Some progestogens are known to affect serum lipids and lipoproteins in a way that may be interpreted negatively from a cardiovascular point of view. Numerous studies have shown that oestrogen given alone increases high density lipoprotein cholesterol and decreases low density lipoprotein cholesterol, whereas addition of a progestogen would seem to negate the positive effect4,5. In the present study all three hormone regimens decreased total serum cholesterol, low density lipoprotein cholesterol, and high density lipoprotein cholesterol by about 10%–12%. The changes in serum total cholesterol and low density lipoprotein cholesterol are believed to have a beneficial influence on cardiovascular risk, but the concurrent change in high density lipoprotein cholesterol may seem somewhat unfavourable. Experimental animal studies indicate, however, that other nonlipid mediated mechanisms of sex hormones may play an important role in preventing atherogenesis25–27 and that some progestogens do not increase the accumulation of cholesterol in the aortic wall25,26, whereas others even seem to enhance the anti-atherogenic effect of oestrogen27. Clinical data also suggest a clear decrease in high density lipoprotein cholesterol during treatment with E2 and NETA28. On the other hand, it still seems preferable to have as low an effect on high density lipoprotein cholesterol as possible by adding a progestogen. Modification of the types and doses of both hormone elements in the interrupted progestogen regimen may be necessary to achieve a smaller or even a neutral effect on serum high density lipoprotein cholesterol.
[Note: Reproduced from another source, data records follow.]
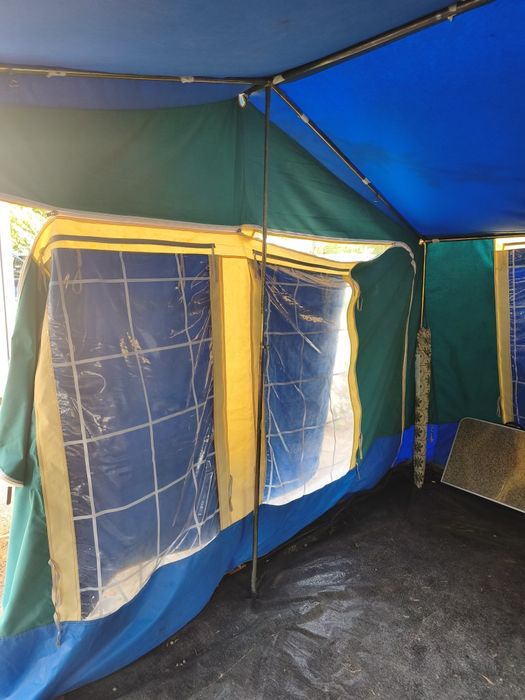 Atrelado tenda com avançado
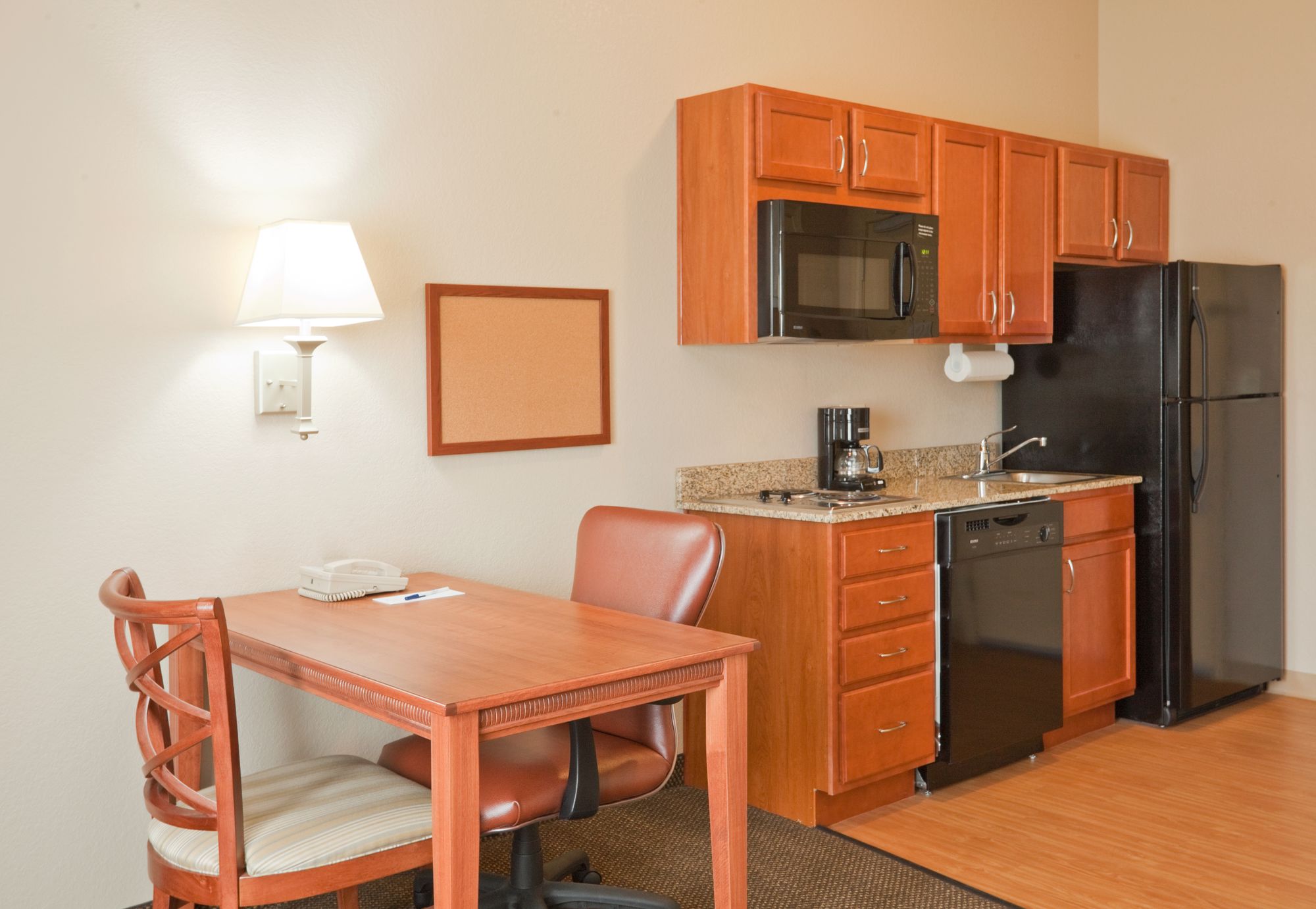 Candlewood Suites Eastchase Park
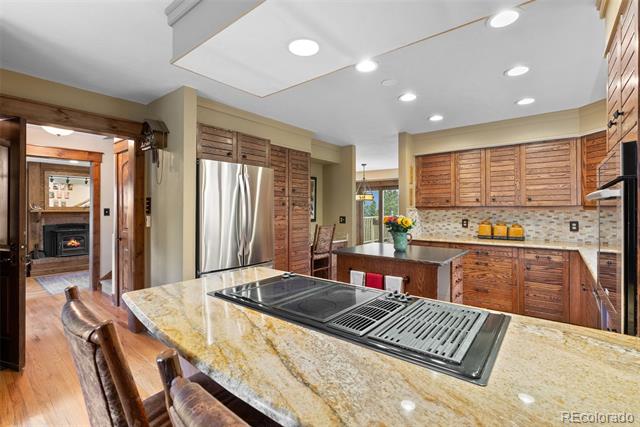 220 Ravenswood Court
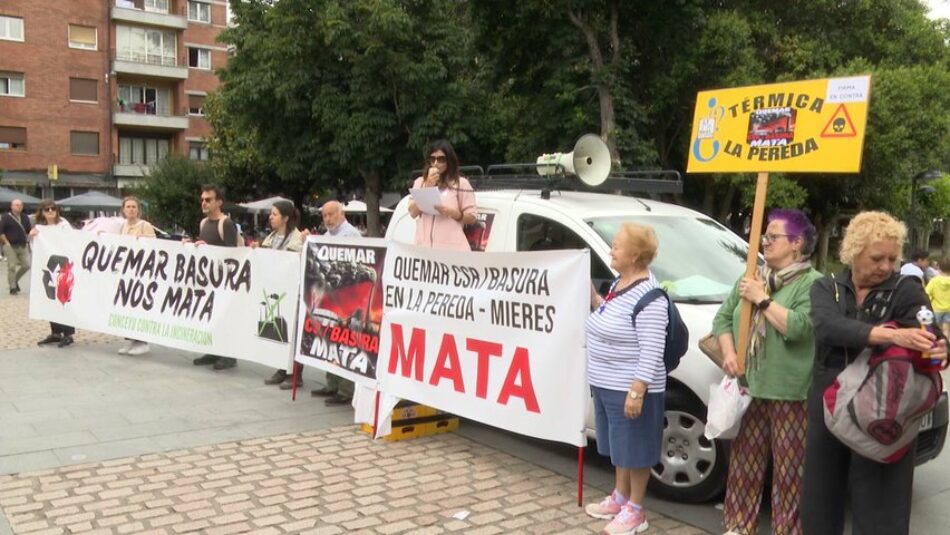 Protesta frente a la Junta General en Oviedo contra la incineración de basura en la térmica de la Pereda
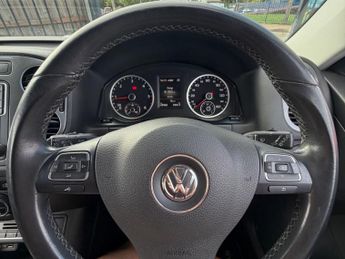 Volkswagen Tiguan 2.0 TDI BlueMotion Tech Match Edition DSG 4WD Euro 6 (s/s) 5dr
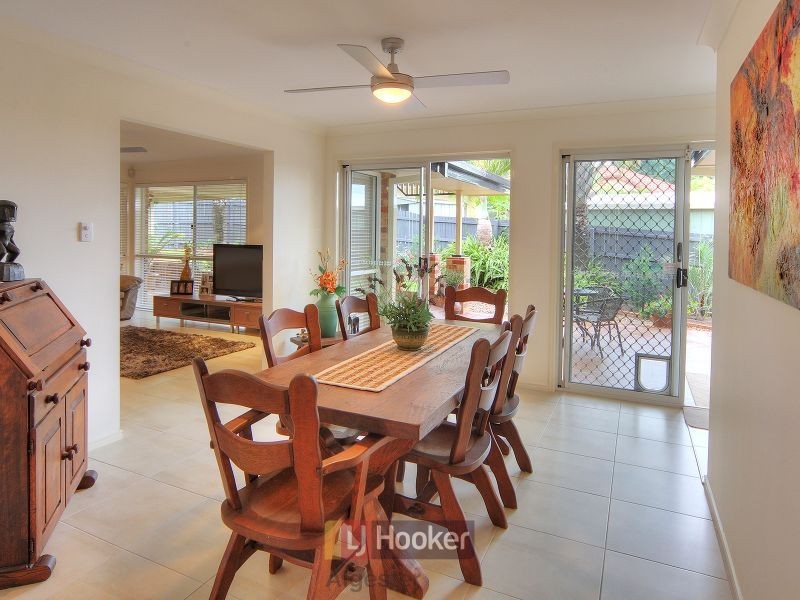 11 Somerset Place, Parkinson QLD 4115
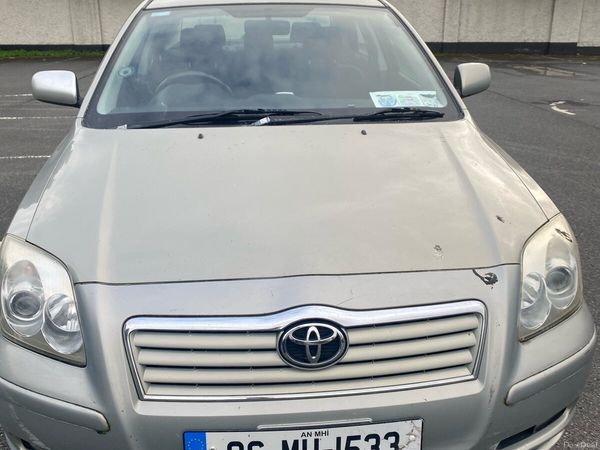 Toyota Avensis Saloon, Petrol, 2006, Green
All three hormone replacement therapies had virtually the same effect in alleviating climacteric symptoms by three months of treatment. However, this alleviation may have declined, since even the women in the placebo group experienced fewer symptoms with increasing age. Soon after discontinuation of the hormone therapies, there were no significant differences between the groups in climacteric symptoms.
In the present study none of the women in the placebo group, nor in the lowEP group left the study because of endometrial bleeding, whereas five in the E2+NETA and 11 in the highEP groups did. Although the decision to leave the study for this reason is the subjective judgement of the participant, these numbers reflect the ability of a regimen to control endometrial bleeding. This is supported by the data on bleeding from the women who completed the two-year study, as described elsewhere7.
In conclusion, the present study introduces an innovative way of administering HRT, which ensures prevention of bone loss at both cortical and trabecular sites, as well as alleviating climacteric symptoms and ensuring exposure to a relatively low dose of progestogen. The effect on the lipid metabolism seemed to be neutral in terms of cardiovascular risk factors, since the decrease in high density lipoprotein cholesterol corresponded to a similar decrease in serum total cholesterol and low density lipoprotein cholesterol, whereas serum triglycerides remained unchanged.
This study was supported by a grant from the R. W. Johnson Research Institute, Raritan, New Jersey, USA and Zürich, Switzerland.